### Your assignment
Retype, with no pictures, each line from the one that holds "ODŻYWKA DO WŁOSÓW" through the last line of the entries below, both included.

———

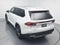 2024 Toyota Grand Highlander Hybrid MAX Platinum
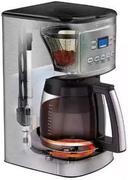 https://cdn.reebelo.com/pim/products/P-CUISINART14CUPPROGRAMMABLECOFFEEMAKERWITHHOTTERCOFFEEOPTIONDCC1800/SIL-image-2.jpg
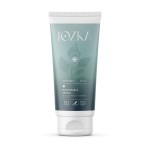 ODŻYWKA DO WŁOSÓW ZE SKŁONNOŚCIĄ DO ŁUPIEŻU 250 ml - JOZKA DARY NATURY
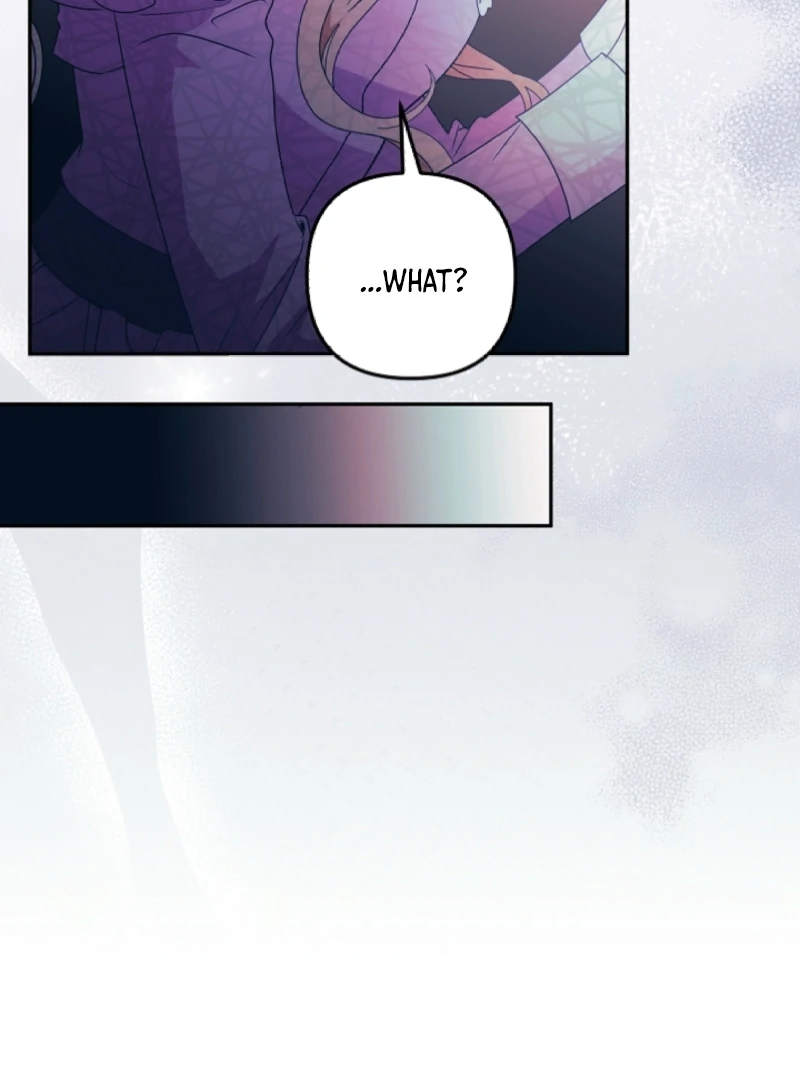 Let’s Divorce, Not Obsess! Chapter 1 - Page 97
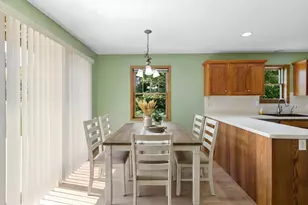 500 Driftwood Rd, New Brighton, MN 55112 - Photo 21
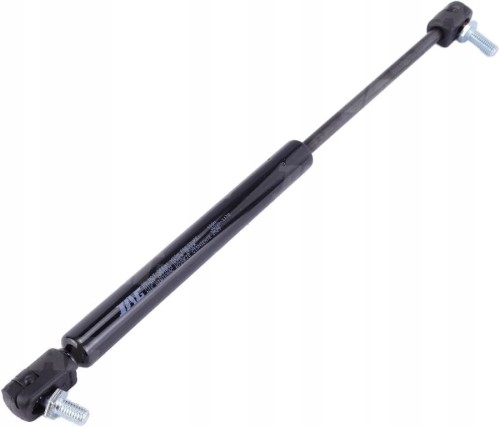 7e423a72332911c135d152ed2f29488e.jpg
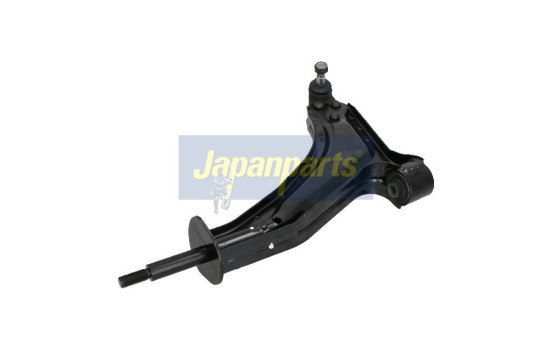 Track Control Arm BS-L01L Japanparts, Image 3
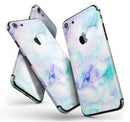 Mint_9_Absorbed_Watercolor_Texture_-_iPhone_7_-_FullBody_4PC_v11.jpg
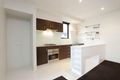 Property photo of 31/174 Esplanade East Port Melbourne VIC 3207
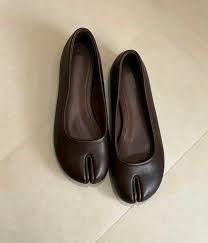 Tabi Flats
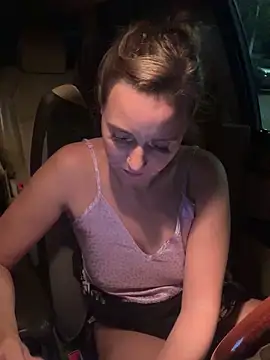 SkyelarSommer online show from 12.08.24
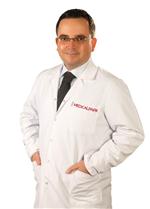 SAÇ BAKIMI - Gebelikte Saç Bakımı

———

### Task result
 ODŻYWKA DO WŁOSÓW ZE SKŁONNOŚCIĄ DO ŁUPIEŻU 250 ml - JOZKA DARY NATURY
 Let’s Divorce, Not Obsess! Chapter 1 - Page 97
 500 Driftwood Rd, New Brighton, MN 55112 - Photo 21
 7e423a72332911c135d152ed2f29488e.jpg
 Track Control Arm BS-L01L Japanparts, Image 3
 Mint_9_Absorbed_Watercolor_Texture_-_iPhone_7_-_FullBody_4PC_v11.jpg
 Property photo of 31/174 Esplanade East Port Melbourne VIC 3207
 Tabi Flats
 SkyelarSommer online show from 12.08.24
 SAÇ BAKIMI - Gebelikte Saç Bakımı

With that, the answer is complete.